How one CSI learned to cope with trauma

If you want to be a CSI, you have to deal with disturbing scenes — and get your hands very, very dirty

Seeing the aftermath of a violent crime is just part of the job for Dena Weiss, a crime scene investigator and fingerprint expert for the Lakeland, Florida Police Department. As part of a five-person CSI team, Weiss responds to many gruesome crime scenes to collect evidence and process the scene, a job she’s been doing for more than 16 years. 

While her job may be less dangerous than the average street cop (that is, no one is shooting at her), the job can be just as traumatizing. 

One of the biggest challenges for crime scene investigators — and many law enforcement officers — is learning how to cope with disturbing scenes. 

Worst Case: Death of a Child
“You have to be able to handle seeing a lot of heartbreaking violent acts,” stated Weiss. 

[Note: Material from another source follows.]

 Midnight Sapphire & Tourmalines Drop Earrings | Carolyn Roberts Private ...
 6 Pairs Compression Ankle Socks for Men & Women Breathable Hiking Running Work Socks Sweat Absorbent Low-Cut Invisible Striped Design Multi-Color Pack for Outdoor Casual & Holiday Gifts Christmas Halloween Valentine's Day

The biggest challenge for many law enforcement officers and crime scene investigators is dealing with the death of children. 

“The violent death of a child is horrific to deal with,” said Weiss. 

Her worst case to date was on Mother’s Day more than 15 years ago. She was eight months pregnant with her second child and was sitting at the breakfast table with her three-year-old son when her pager beeped. 

She responded to a crime scene that turned out to be the murder-suicide of a mother and her young daughter. The mother and daughter were in matching pajamas, both shot and lying in bed for the woman’s husband to find when he arrived home. 

“We spent more than nine hours at that crime scene,” said Weiss. “It haunted me for a long time.”

Keys to a Long Career 
Exercising to release stress has been a key to Weiss’s long career. 

“I ride horses,” she said. “I get on for 30 minutes and run the heck out of [my horse]…it’s a stress release for me.” 

After a ride, she can take a deep breath and refocus on what she needs to do at home. Consequently, the emotional turmoil and stress subsides. 

“You have to sweat it out of you,” she advises, and says you have to learn how not to bring your work home with you. 

Weiss also relies heavily on colleagues for emotional support. Fortunately, she has been working with the same small group of crime scene investigators for about 10 years. 

“We have each other to lean on,” she said. Sometimes a crime scene will affect one person more than others. When that situation arises, the other members of the team will assign that person to roles on the periphery of the crime scene. 

Weiss also believes that some people are just more cut out for law enforcement and crime scene investigation than others. In addition to working for the Lakeland Police Department, Weiss is also a full-time professor at American Military University, teaching criminal justice and forensic science classes. 

As a professor, she gives many of her students a reality check, informing them that a career in law enforcement — especially as a crime scene investigator — is often far from glorious. 

“Many students [who want to be crime scene investigators] are under the impression that they don’t have to touch dead bodies,” she said. 

“You definitely have to pull dead bodies out of ditches, search through gator-invested swamp water for skeletal remains, and assist during autopsies,” she said. 

Real-life crime scene investigation is very different than what is seen on popular TV shows. Every day has the potential to be your most challenging yet.